In Nanos-lite, since the number of files in sfs is fixed, we can simply use the index of the file record table as the file descriptor for the corresponding file and return it to the user program. After this, all file operations are identified through file descriptors:

size_t read(int fd, void *buf, size_t len);
size_t write(int fd, const void *buf, size_t len);
int close(int fd);

Additionally, we do not want every read and write operation to start from the beginning. Therefore, we need to introduce an open_offset attribute for each open file to record the current position of file operations. Each time a certain number of bytes is read or written to a file, the offset advances by that amount.

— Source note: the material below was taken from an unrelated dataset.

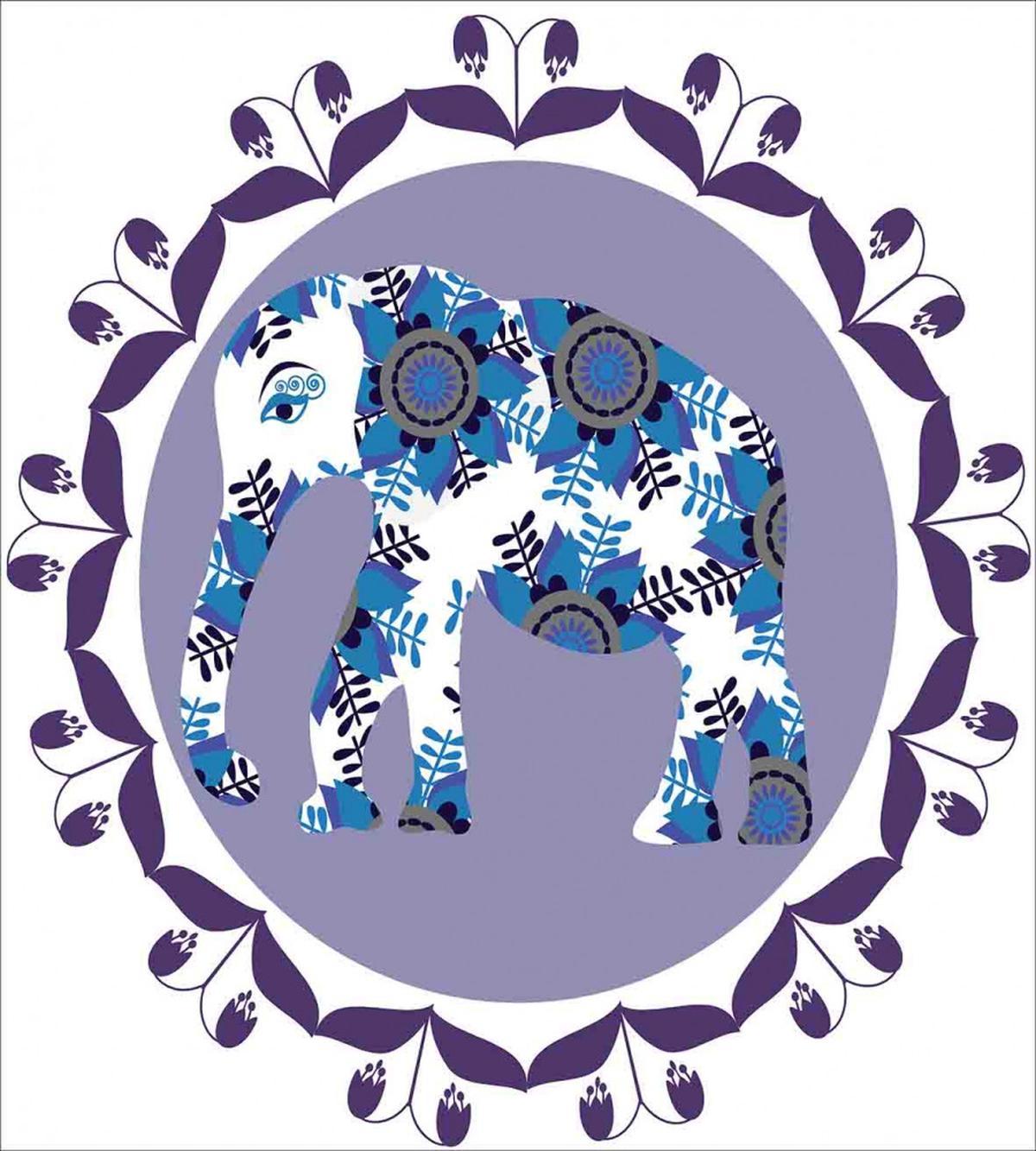 Elephant with Tulips Pattern — Pattern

File Offset and User Programs

In real operating systems, maintaining the offset within the file record table can prevent user programs from implementing certain functionalities. However, explaining this issue requires understanding some knowledge beyond the scope of this course, so we will not elaborate here. You can think about this issue when you study operating systems courses.

Since Nanos-lite is a simplified operating system, the above problem will not occur temporarily, To simplify the implementation, we still maintain the offset in the file record table.

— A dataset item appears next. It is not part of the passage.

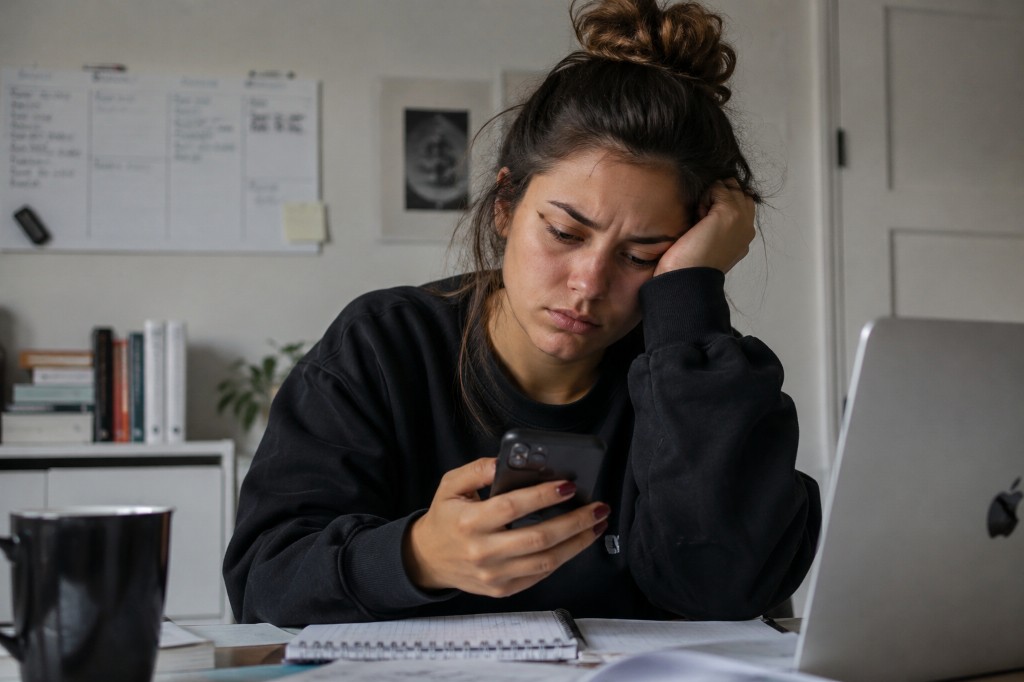 Person overwhelmed trying to find information across apps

Offsets can be adjusted through the lseek() system call, allowing for reading and writing at any position within the file:

size_t lseek(int fd, size_t offset, int whence);

To facilitate standard input and output for user programs, the operating system has prepared three default file descriptors:

#define FD_STDIN 0
#define FD_STDOUT 1
#define FD_STDERR 2

They correspond to standard input stdin, standard output stdout, and standard error stderr. The frequently used printf ultimately calls write(FD_STDOUT, buf, len) for output; while scanf will read input by calling read(FD_STDIN, buf, len).

The file_table defined in nanos-lite/src/fs.c will include nanos-lite/src/files.h, which also contains placeholders for three special files: stdin, stdout, and stderr, These are just to ensure that the sfs and the agreed standard input and output file descriptors remain consistent, for example, according to the agreement, the file descriptor for stdout is 1, and after we add three placeholder entries, the index 1 in the file record table will not be allocated to other ordinary files.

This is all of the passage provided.